You’re right: newCosts should be a copy of the node’s costs, as it may be modified. When we call setNodeCost’s, the PBQP::Vector’s assignment operator should free the old costs, but I may have misimplemented that (or forgotten it entirely).

Cheers,
Lang.

Hi Arnaud,

Out of interest - what makes you suspect the vector cost changes, rather than the matrix ones? Is the tool indicating a leak due to those lines?

The memory operations for the vector costs should be fairly straightforward, but the matrix operations use a value-pool system behind the scenes to reduce the PBQP allocator’s memory overhead. The extra complexity of that makes it a prime suspect for memory leaks.

Cheers,
Lang.

While I’m not sure where the leak is, using some pre-canned memory management might help…

Attached is a patch that changes this allocation to use shared_ptr, perhaps it’ll address the bug?

(ideally we shouldn’t need the intrusive ref counting (std::enable_shared_from_this) but instead have a weak_set that has std::weak_ptr in it & implicitly removes elements as they become null (probably on a harvesting schedule, rather than with a direct callback as is currently implemented))​

pbqp_leak.diff

Oooh. Neat. Thanks Dave. Please go ahead and commit that.

Arnaud - I have no idea whether Dave’s patch will help with this bug, but it’s certainly worth testing.

  • Lang.

FTR, similar leak was recently reported by LSan on our bootstrap bot: http://lab.llvm.org:8011/builders/sanitizer-x86_64-linux-bootstrap/builds/4506/steps/check-llvm%20asan/logs/stdio

Thanks Alexey!

Arnaud - apologies for misleading you: It looks like the vectors are pooled too.

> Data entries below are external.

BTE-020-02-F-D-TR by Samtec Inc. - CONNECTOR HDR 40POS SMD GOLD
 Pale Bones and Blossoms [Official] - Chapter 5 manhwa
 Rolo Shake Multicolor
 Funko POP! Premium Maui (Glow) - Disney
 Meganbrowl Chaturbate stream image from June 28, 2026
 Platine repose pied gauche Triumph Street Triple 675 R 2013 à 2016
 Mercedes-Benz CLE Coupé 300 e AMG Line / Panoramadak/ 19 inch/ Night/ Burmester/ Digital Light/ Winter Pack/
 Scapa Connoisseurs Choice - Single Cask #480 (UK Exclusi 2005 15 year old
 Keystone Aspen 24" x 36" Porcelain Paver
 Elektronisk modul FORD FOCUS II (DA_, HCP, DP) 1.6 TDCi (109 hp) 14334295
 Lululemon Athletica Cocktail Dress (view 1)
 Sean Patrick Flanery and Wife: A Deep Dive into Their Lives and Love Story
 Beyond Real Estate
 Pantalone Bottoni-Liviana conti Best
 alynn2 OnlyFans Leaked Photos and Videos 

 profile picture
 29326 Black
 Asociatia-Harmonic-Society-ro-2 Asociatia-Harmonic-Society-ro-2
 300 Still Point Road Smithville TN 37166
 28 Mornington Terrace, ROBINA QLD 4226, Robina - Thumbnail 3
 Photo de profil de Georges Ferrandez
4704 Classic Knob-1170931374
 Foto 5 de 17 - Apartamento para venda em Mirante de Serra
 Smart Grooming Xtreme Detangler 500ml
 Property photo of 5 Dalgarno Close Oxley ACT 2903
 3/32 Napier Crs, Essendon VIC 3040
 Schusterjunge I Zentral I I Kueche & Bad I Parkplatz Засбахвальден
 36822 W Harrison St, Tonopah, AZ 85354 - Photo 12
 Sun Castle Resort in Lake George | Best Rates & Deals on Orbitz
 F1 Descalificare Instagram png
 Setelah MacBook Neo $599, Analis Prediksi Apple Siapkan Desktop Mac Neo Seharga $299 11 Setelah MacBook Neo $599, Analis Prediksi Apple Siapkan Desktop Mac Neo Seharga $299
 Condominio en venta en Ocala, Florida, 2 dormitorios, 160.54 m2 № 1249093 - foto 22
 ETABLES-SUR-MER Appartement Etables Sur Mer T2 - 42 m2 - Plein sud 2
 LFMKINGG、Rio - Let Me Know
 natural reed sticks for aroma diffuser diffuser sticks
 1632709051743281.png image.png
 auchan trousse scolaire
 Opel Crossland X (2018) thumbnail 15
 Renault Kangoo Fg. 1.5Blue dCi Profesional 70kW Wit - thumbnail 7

Hopefully Dave’s patch fixes this up, otherwise I’ll try to take a look at this soon.

  • Lang.

Oooh. Neat. Thanks Dave. Please go ahead and commit that.

Committed in 217563.

Running the PBQP test without my change under valgrind didn't show any
memory leak, but hopefully with Arnaud's change and valgrind he can see the
leak and then verify that my change addresses it... *fingers crossed*

I confirm the shared_ptr change fixes the issue. I will recommit the aarch64/pbqp test then.

Thanks David !

Excellent. Thanks again Dave. And thanks for the testing Arnaud.

For the curious: I went back to look for the leak and it’s obvious with hindsight. PoolRef’s destructor was deleting the PoolEntry when the ref-count hit zero, but the assignment operator was not. This was an oversight left over from when I moved responsibility for deleting PoolEntries from PoolEntry itself out to PoolRef. It’s all moot now though: Dave’s solution fixes this, and is much cleaner to boot.

  • Lang.